DATA UNDER STUDY =
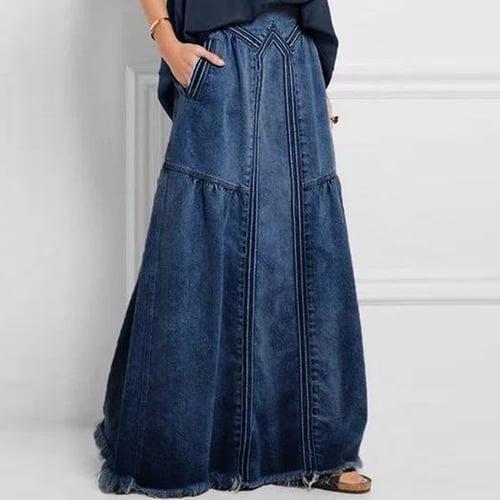 Women's Skirt Long Skirt Fashion Summer Maxi Skirts Solid Colored Pocket Vacation Office / Career Blue Gray Light Blue Summer Denim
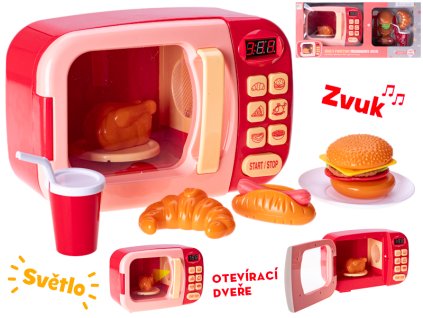 33422 detska mikrovlnna trouba cervena s doplnky 22 cm mikro trading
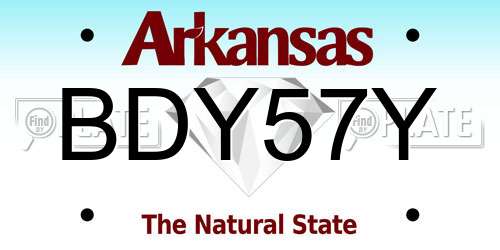 BDY57Y Arkansas License Plate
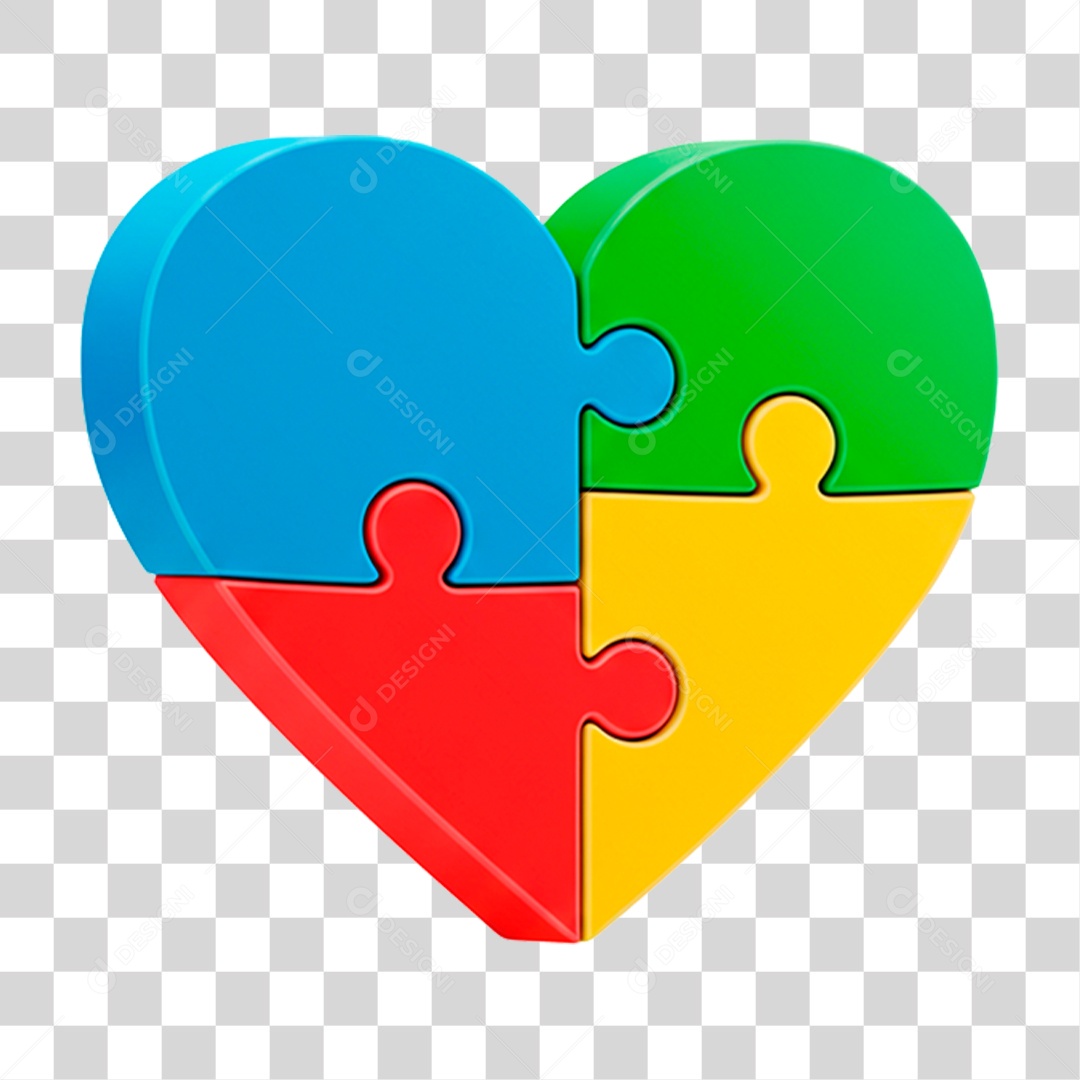 Coração Colorido PNG Transparente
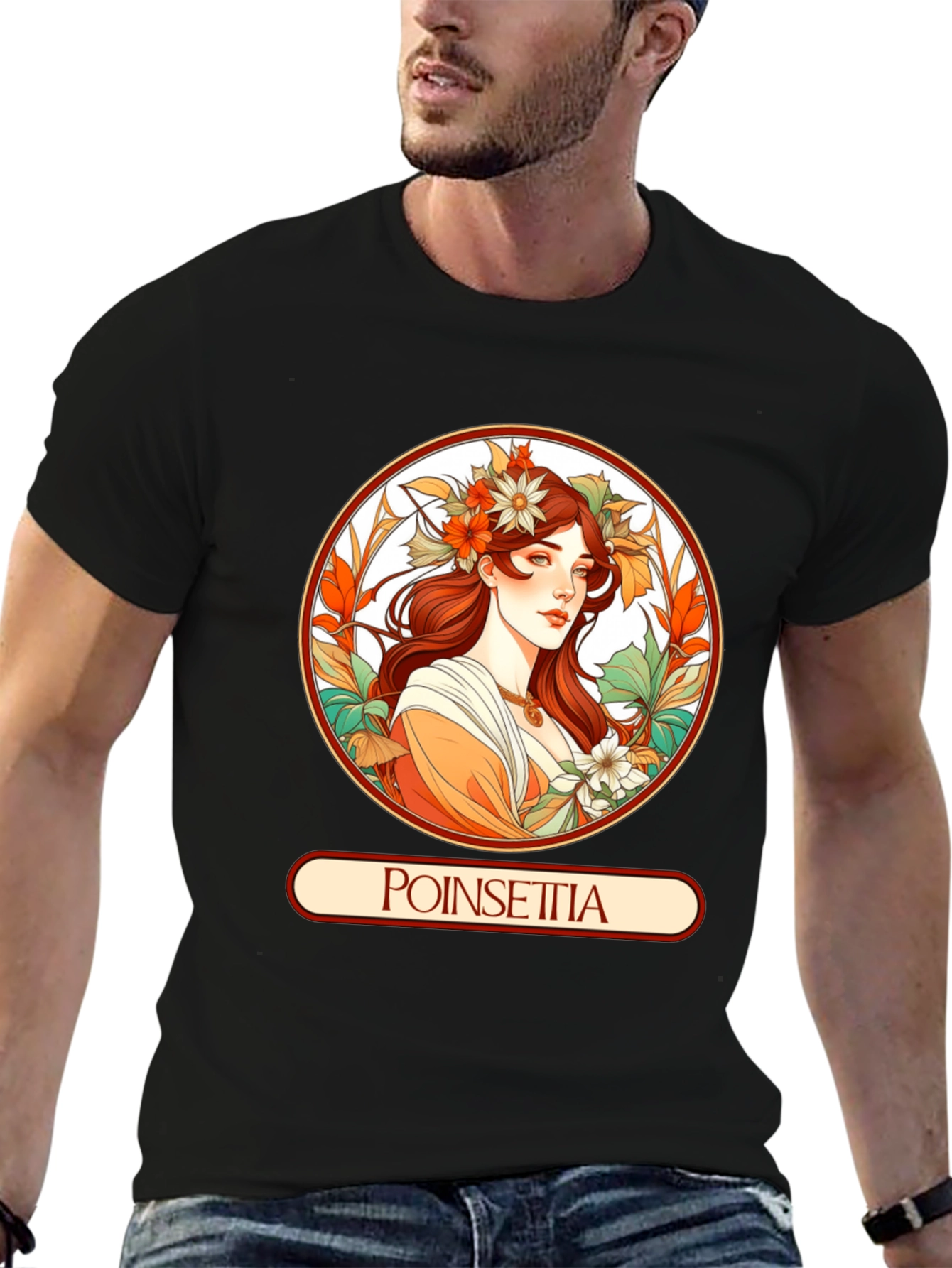 Poinsettia Art Nouveau T-Shirt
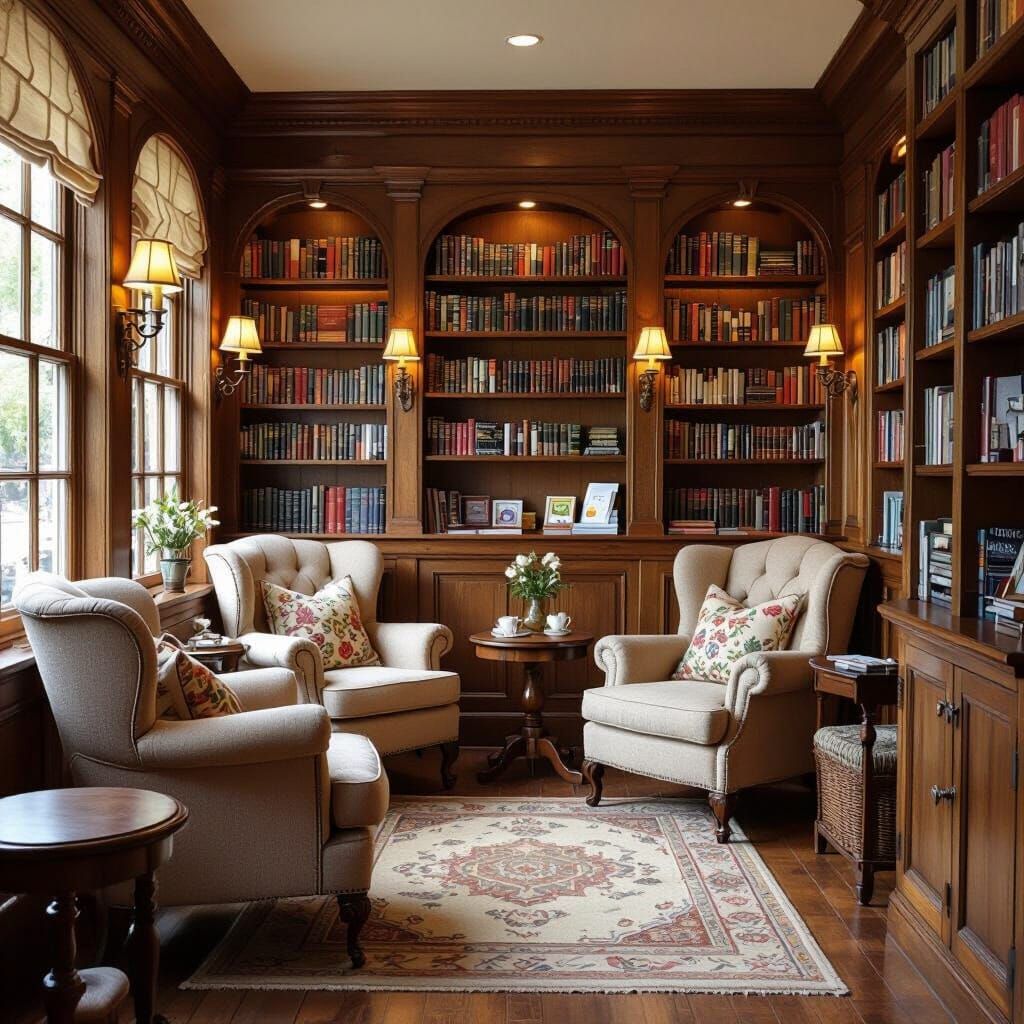 Cozy Coffee Shop Library in Storybook Illustration Style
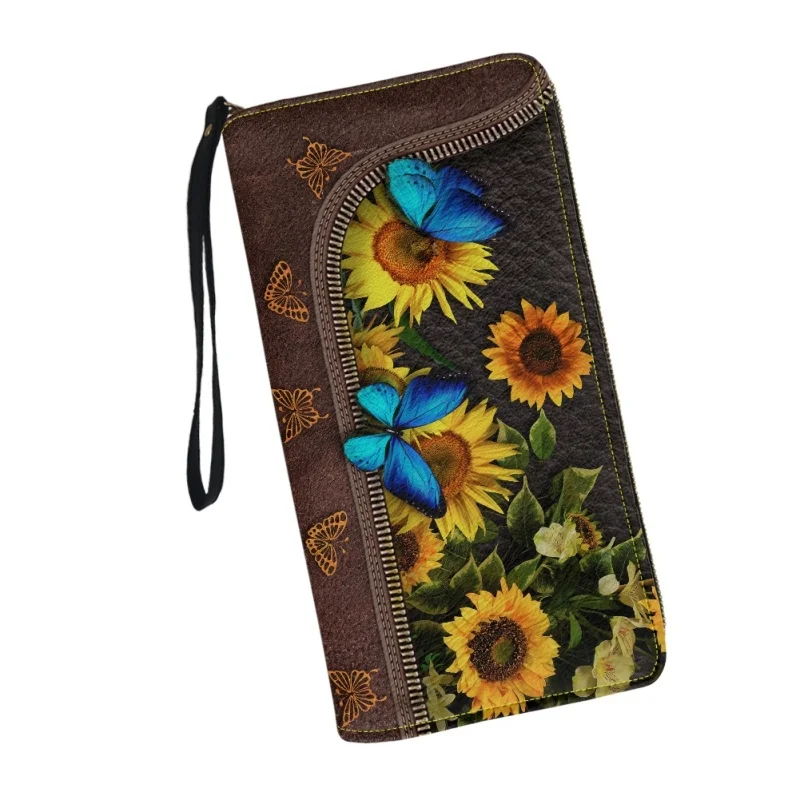 Belidome Butterfly Sunflower Women Cute Wallets Travel Wristlet PU Leather Zip Around Long Purse Credit Card Holder Clutch Bag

EXERCISE DIRECTIONS = Output the records above exactly as they are, leaving out the pictures.

TASK RESULT =
 Women's Skirt Long Skirt Fashion Summer Maxi Skirts Solid Colored Pocket Vacation Office / Career Blue Gray Light Blue Summer Denim
 33422 detska mikrovlnna trouba cervena s doplnky 22 cm mikro trading
 BDY57Y Arkansas License Plate
 Coração Colorido PNG Transparente
 Poinsettia Art Nouveau T-Shirt
 Cozy Coffee Shop Library in Storybook Illustration Style
 Belidome Butterfly Sunflower Women Cute Wallets Travel Wristlet PU Leather Zip Around Long Purse Credit Card Holder Clutch Bag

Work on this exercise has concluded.